Despite disagreements with Mr Yeltsin over issues such as Nato's planned enlargement into central and eastern Europe, Western leaders had made it plain before Sunday's vote that they greatly preferred the President to Mr Zyuganov. The Communist candidate is viewed with suspicion because of his calls for the Soviet Union's restoration, his past association with militant, anti-democratic Russian nationalists, and his apparent inclination to halt or reverse many of Mr Yeltsin's economic reforms.
For the West, much hinges on a Yeltsin victory in the second round. If he wins, it may be possible to achieve a compromise on Nato's enlargement, with the alliance taking in the Czech Republic, Hungary and Poland but agreeing not to turn these countries into "forward bases" filled with Nato troops and weapons pointed at Russia.
The West also believes that a Yeltsin victory offers the best chance of maintaining the Russian economic recovery that began last year and is underpinned by a $10.2bn (pounds 6.5bn) loan from the International Monetary Fund. The hope is that steady economic progress, based on flourishing private enterprise, should consolidate Russian democracy and make it less vulnerable to extremist challenges.
However, Germany's Foreign Minister, Klaus Kinkel, drew attention to the strong performance of Alexander Lebed, the retired army general who campaigned on law and order and a revival of Russian national pride. Mr Lebed's score of almost 15 per cent was "a sign of discontent in the Russian electorate", Mr Kinkel said.
Nato officials said they were untroubled by the fact that the combined vote for Mr Zyuganov, Mr Lebed and the ultra-nationalist, Vladimir Zhirinovsky, was slightly over 50 per cent. The main features of the West's relationship with Russia - broadly constructive co-operation, coupled with frostiness over individual issues - were likely to stay in place, despite the considerable popularity of Russian politicians who emphasise "national greatness" ahead of democracy and economic reform.

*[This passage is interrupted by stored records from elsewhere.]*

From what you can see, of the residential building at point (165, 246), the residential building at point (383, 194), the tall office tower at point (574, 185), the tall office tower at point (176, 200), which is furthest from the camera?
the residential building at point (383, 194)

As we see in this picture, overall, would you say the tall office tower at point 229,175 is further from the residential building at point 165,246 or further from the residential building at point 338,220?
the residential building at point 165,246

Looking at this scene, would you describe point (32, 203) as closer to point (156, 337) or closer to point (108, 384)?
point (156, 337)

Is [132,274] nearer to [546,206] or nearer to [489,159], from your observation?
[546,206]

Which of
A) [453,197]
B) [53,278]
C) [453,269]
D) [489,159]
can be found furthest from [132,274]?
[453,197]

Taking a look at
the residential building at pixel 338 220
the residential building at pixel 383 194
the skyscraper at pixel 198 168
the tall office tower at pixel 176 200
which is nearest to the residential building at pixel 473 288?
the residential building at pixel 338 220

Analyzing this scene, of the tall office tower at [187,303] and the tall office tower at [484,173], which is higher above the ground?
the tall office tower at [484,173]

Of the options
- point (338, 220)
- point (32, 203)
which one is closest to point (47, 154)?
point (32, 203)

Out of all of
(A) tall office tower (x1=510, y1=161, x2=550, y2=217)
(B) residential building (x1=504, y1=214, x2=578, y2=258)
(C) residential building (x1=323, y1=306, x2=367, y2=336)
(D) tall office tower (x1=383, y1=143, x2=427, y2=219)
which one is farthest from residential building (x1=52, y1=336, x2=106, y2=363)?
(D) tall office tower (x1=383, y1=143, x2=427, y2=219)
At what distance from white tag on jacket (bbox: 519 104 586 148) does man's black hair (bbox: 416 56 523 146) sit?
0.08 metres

There was unanimous delight at the relatively poor performance of Mr Zhirinovsky, who left Western leaders speechless with dismay in December 1993 when his party triumphed in parliamentary elections. "It is a great deal more preferable that Lebed take 15 per cent and see himself as a king-maker than Zhirinovsky," one European official said.

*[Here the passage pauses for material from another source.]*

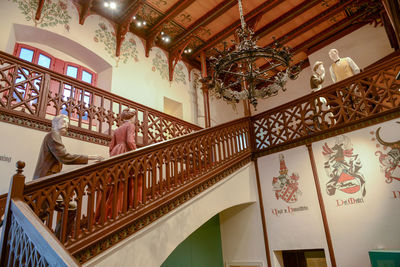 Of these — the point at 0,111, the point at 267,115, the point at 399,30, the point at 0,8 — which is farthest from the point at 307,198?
the point at 0,8

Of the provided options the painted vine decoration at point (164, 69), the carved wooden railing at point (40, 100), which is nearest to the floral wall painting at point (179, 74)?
the painted vine decoration at point (164, 69)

Among the 1,100 international observers who monitored Sunday's voting, there was general agreement that the election had been free and fair. However, a delegation from the Organisation for Security and Co-operation in Europe (OSCE), which contributed about half of all the observers, expressed concern at biased coverage in the state-owned Russian media.

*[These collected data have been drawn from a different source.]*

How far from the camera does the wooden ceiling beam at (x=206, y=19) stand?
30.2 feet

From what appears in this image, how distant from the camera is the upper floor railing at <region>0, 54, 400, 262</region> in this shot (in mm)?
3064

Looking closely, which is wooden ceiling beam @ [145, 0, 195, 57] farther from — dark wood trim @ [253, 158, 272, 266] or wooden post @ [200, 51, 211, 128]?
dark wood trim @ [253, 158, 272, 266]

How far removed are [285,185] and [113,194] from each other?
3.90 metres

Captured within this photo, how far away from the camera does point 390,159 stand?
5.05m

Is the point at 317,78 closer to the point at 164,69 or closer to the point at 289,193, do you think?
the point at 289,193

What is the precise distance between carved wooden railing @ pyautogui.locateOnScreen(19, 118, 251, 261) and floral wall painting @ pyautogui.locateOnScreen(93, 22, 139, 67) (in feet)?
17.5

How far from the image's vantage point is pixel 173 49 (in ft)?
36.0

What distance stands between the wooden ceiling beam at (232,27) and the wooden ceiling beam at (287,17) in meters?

This appeared to refer to the way that Russian television in particular concentrated on the progress of Mr Yeltsin's campaign, while limiting coverage of Mr Zyuganov or presenting him in a less favourable light. "The delegation trusts that the Central Electoral Commission will investigate these issues and, if necessary, take appropriate action to prevent them occurring in the future," an OSCE statement said.
President Bill Clinton congratulated Mr Yeltsin on a "strong showing" in the election. "This is a very significant thing for Russia to have this election," Mr Clinton said. "The Russian people and Russian leadership are to be complimented for supporting the constitution and the elective process."